En regardant vers la côte, de l’autre côté de la plage sablonneuse, je vis beaucoup de soldats morts ou mourants avant la digue en béton. C’était terrible.

Notre groupe a atteint la plage à 9 h 25 et y est resté une bonne heure, en proie aux obus et aux balles volant au-dessus de nos têtes. Ce fut finalement notre tour de passer par une petite brèche dans la digue de Bernières-sur-Mer. Nous n’avons été mitraillés, par un avion ennemi volant en rase-mottes au-dessus de la plage, que deux fois.

Un de nos gars a été tué d’une balle à la tête pendant que nous étions coincés dans un bouchon.
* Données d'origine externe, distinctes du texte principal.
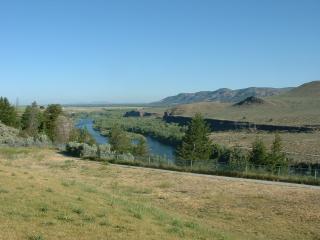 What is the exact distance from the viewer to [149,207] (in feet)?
70.2

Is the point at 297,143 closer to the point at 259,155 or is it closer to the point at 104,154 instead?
the point at 259,155

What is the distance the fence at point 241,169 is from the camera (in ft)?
124

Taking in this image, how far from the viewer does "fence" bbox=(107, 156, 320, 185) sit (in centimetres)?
3772

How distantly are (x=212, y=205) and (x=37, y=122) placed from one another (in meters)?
79.2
Il était devant nous, et la balle était venue d’une maison qui a été démolie par la suite. C’est une Française qui avait tiré et nous avons entendu une rumeur comme quoi c’était la petite amie d’un soldat allemand.

Le champ où notre batterie devait se rendre était occupé par une autre batterie, alors nous avons fini par entrer dans un champ qui avait été miné. C’est grâce à un garçon français de 14 ou 15 ans, qui nous a dit que les Allemands l’avaient obligé à placer les mines, que nous avons pu manœuvrer dans le champs. J’ai persuadé le jeune homme, avec mon fusil, de s’assoir sur l’avant du char et de nous montrer par où passer.

Ce soir-là, les avions allemands sont arrivés et ont semé la confusion dans les dépôts de munitions. C’était tout un feu d’artifice; vraiment effrayant. Nous avons aussi découvert à ce moment-là que nos francs français ne servaient pas à grand-chose. La seule monnaie acceptable était la cigarette.

Il y a eu des erreurs bien sûr, faites par tous les grades, mais nous avons triomphé. Et il ne faudrait jamais ou­blier tous ces braves jeunes hommes qui ont restés là-bas il y a 65 ans.